Der „Wilde“ aus Seffent

Der Wildbach ist einer der wenigen Aachener Bäche, die noch weitgehend offen und unverrohrt dahin fließen. Sein Quellgebiet, die „Sieben Quellen“ bei Seffent unterhalb von Laurensberg, sind ein seltenes und beeindruckendes Naturschauspiel. Von Seffent aus nimmt der Wildbach seinen Weg über Laurensberg durch die weite Kulturlandschaft der Soers, bevor er nach rund 6 km Fließstrecke bei der Abwasser-Reinigungsanlage in die Wurm mündet. Der wasserreiche und einst „wilde“ Bach war als Mühlengewässer und später für das Aachener Tuchgewerbe von großer Bedeutung. Sieben Mühlen mit einer Vielzahl von Stauweihern waren hier angesiedelt.

Der Quellbereich des Wildbachs wird „Sieben Quellen“ oder französisch „septfontaines“ genannt. Der Name erklärt sich daher, dass in einem der zwei großen Quelltöpfe sieben Quelleinläufe zu sehen sind. Vermutlich sind es aber mehr und ’sieben‘ ist gleichbedeutend mit ‚viele‘ Quellen. Die Quelltöpfe sind eine geologische Besonderheit und stehen daher unter besonderem Schutz. Das Wasser ist kristallklar und kalt. Darin wächst noch in großen Mengen Brunnenkresse. Auch der seltene Höhlen-Flohkrebs wurde früher hier gefunden. Bitte achten Sie die Einzigartigkeit dieses Ortes, steigen Sie nicht in die Quelltöpfe und halten Sie auch bitte Ihre Hunde fern!

Unmittelbar neben den Quelltopfen fließt dem Wildbach der vom Dreiländereck kommende Dorbach hinzu. Leider wird sein Wasser durch die landwirtschaftliche Nutzung seine Einzugsgebietes sowie durch Regenwasserzuleitungen zeitweilig stark verschmutzt. So erfährt auch der Wildbach unmittelbar hinter den Quellen seine erste Belastung.

Parallel zur Schurzelter Straße durchfließt der Wildbach in einem unzugänglichen Auwald und kurz darauf zweigt ein Mühlengraben zur ersten Mühle an seinem Verlauf ab. Von nun an wird sein Wasser ständig in einen natürlichen Bachlauf und einen Mühlengraben aufgeteilt werden, wobei sich beide Läufe immer wieder vereinigen, um sich gleich darauf wieder zu trennen.
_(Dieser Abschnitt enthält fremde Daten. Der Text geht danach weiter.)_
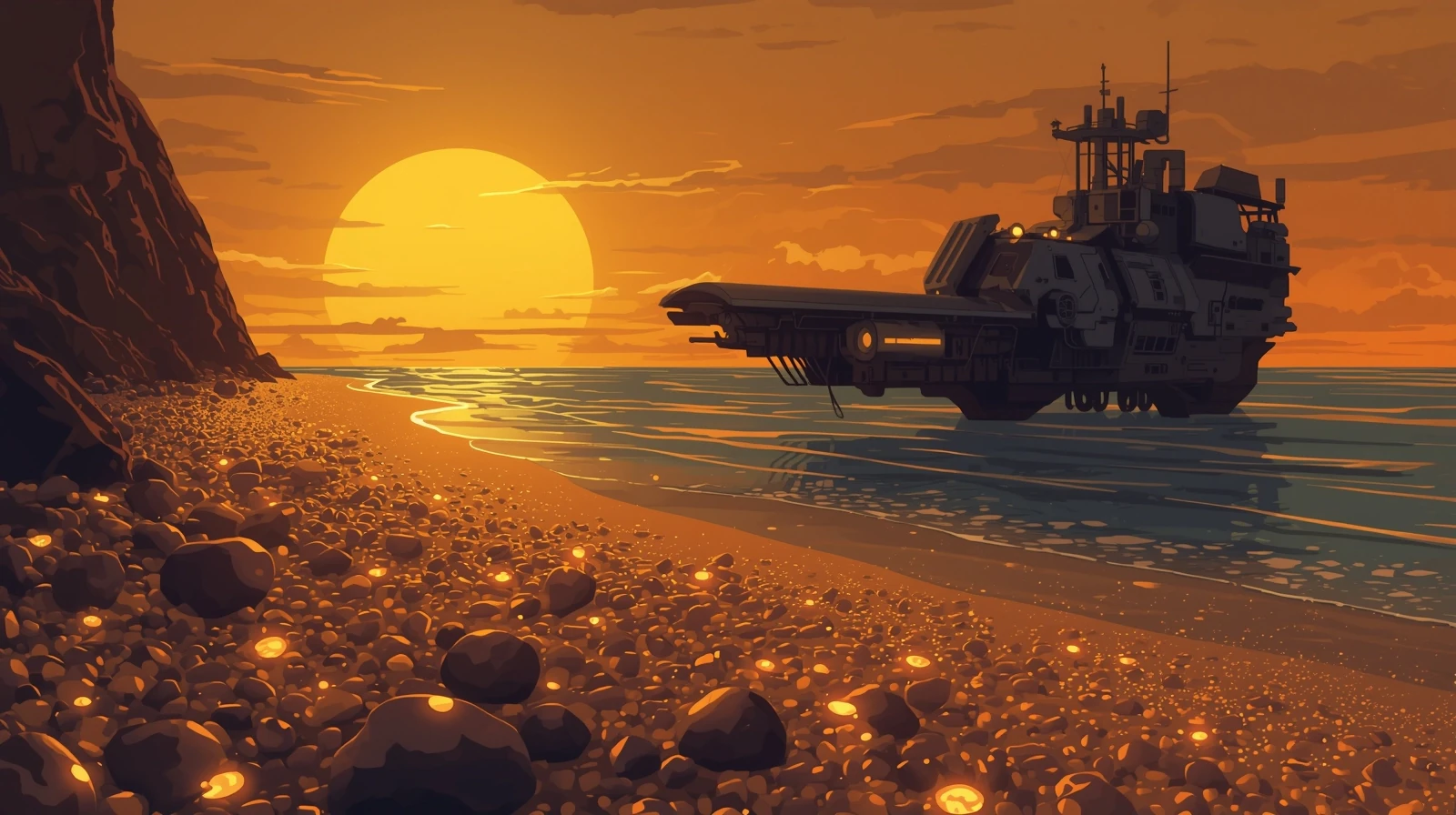 Golden beach sunset with amber sand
Besonders für die Tuchindustrie war der Wildbach attraktiv: wegen seiner hohen Fließgeschwindigkeit und wegen des feuchten Klimas, das sich für die Bearbeitung der Tuche besonders gut eignete. Die meisten Mühlen entlang des Wildbach entwickelten sich von Mahlmühlen zu Spinnereien oder Färbereien, die bis in die zweite Hälfte des zwanzigsten Jahrhunderts in Betrieb waren. Noch Mitte der achtziger Jahre des letzten Jahrhunderts färbte sich regelmäßig der Wildbach in allen erdenklichen Farbschattierungen und erregte damit die Aufmerksamkeit des Ökologie-Zentrums, das sich daraufhin mit dem Thema Bachökologie zu beschäftigen begann.
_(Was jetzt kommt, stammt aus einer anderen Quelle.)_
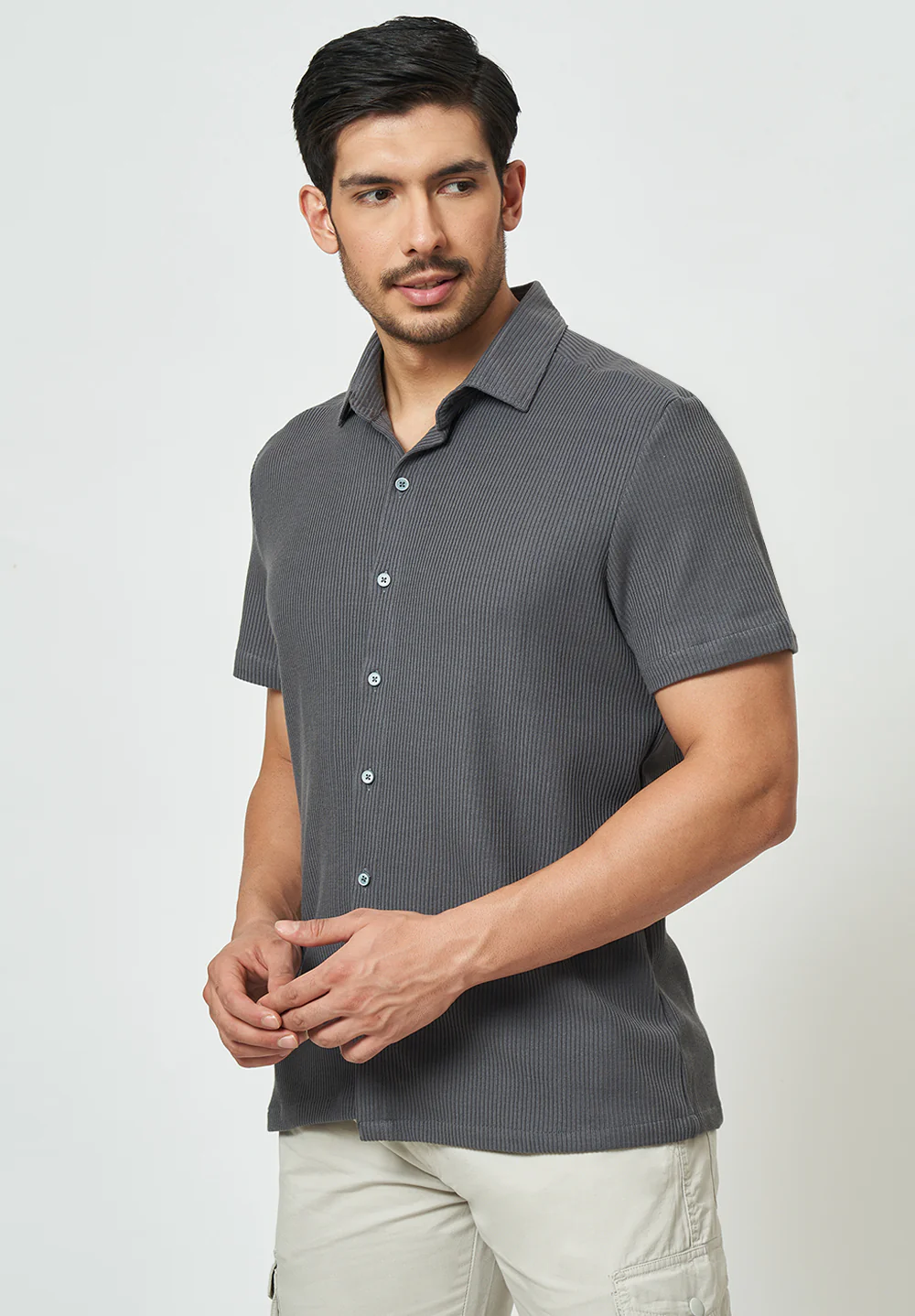 Men Grey Textured Casual Shirt - Image 3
Auf dem Gelände der Oberen Schurzelter Mühle stehen heute die Gebäude der Färberei Fußgänger, die im Juni 1992 geschlossen wurde. Bis 1681 wurde sie als Mahlmühle, danach als Kupfermühle, als Papierfabrik, als Fell-,  Öl-, Walk- und Farbholzmühle genutzt. 1842 wird die Mühle umgebaut zur Spinnerei und eine Dampfmaschine errichtet. 1871 beginnt die Nutzung als Textilfärberei, die ab 1891 unter dem Namen Fußgänger ein ganzes Jahrhundert arbeitete. Leider wurden mit der Umnutzung als Wohngebäude auch die vorgelagerten Wasserbecken zugeschüttet.

Die zum Gut Schurzelt gehörende Untere Schurzelter Mühle am Forellenweg begann ihre ‚Karriere‘ gleichfalls als Mahlmühle und beherbergte bis 1962 eine Färberei. Noch 1965 fand sich im Mühlgebäude ein mittelschlägiges Mühlrad, das die Kraft von acht Pferdestärken hatte.
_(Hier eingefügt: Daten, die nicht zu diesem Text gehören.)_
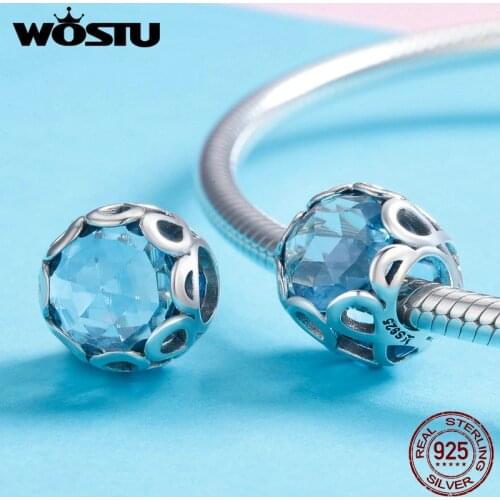 WOSTU Authentic 925 Sterling Silver Infinite Charm, Blue Crystal Beads Fit Original Brand Charm Bracelet DIY Jewelry Gift BKC755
Oberhalb und parallel zum Bach verläuft ein Mühlengraben. Er versorgte nicht nur die nächste Mühle, sondern viele Jahre auch eine Forellenzucht mit Frischwasser. Zuvor müssen allerdings beide Wasserläufe den Bahndamm unterqueren.

Zwischen Rathausstraße und Walkmühlenstraße in Laurensberg heißt ein neues Wohngebiet „Wildbacher Mühle“. Dieses Wohngebiet entstand nach dem Abriss der 1906 erbauten Spinnerei „Wienands, Casteel & Giesen“, die 1969 den Betrieb einstellte. Diese Spinnerei stand auf dem Gelände der alten Wildbacher Mühle, die schon 1420 in den Annalen der Stadt erstmals Erwähnung findet. Von dieser Mühle ist noch ein zweigeschossiges Gebäude aus dem Jahr 1754 erhalten, das den attraktiven Mittelpunkt des modernen Wohngebietes bildet. Von der Wildbacher Mühle ist bekannt, dass sie im Laufe ihrer Geschichte als Kupfermühle, Walkmühle, und Tuchspülmühle genutzt wurde.

Und weiter führt der Verlauf des Wildbachs Richtung Osten durch Laurensberg. Obwohl zwischen der Bebauung fast verschwunden, verläuft der Bauch überwiegend offen. Er steht damit im Gegensatz zu den vielen anderen Bächen im Talkessel, die vollständig verrohrt wurden.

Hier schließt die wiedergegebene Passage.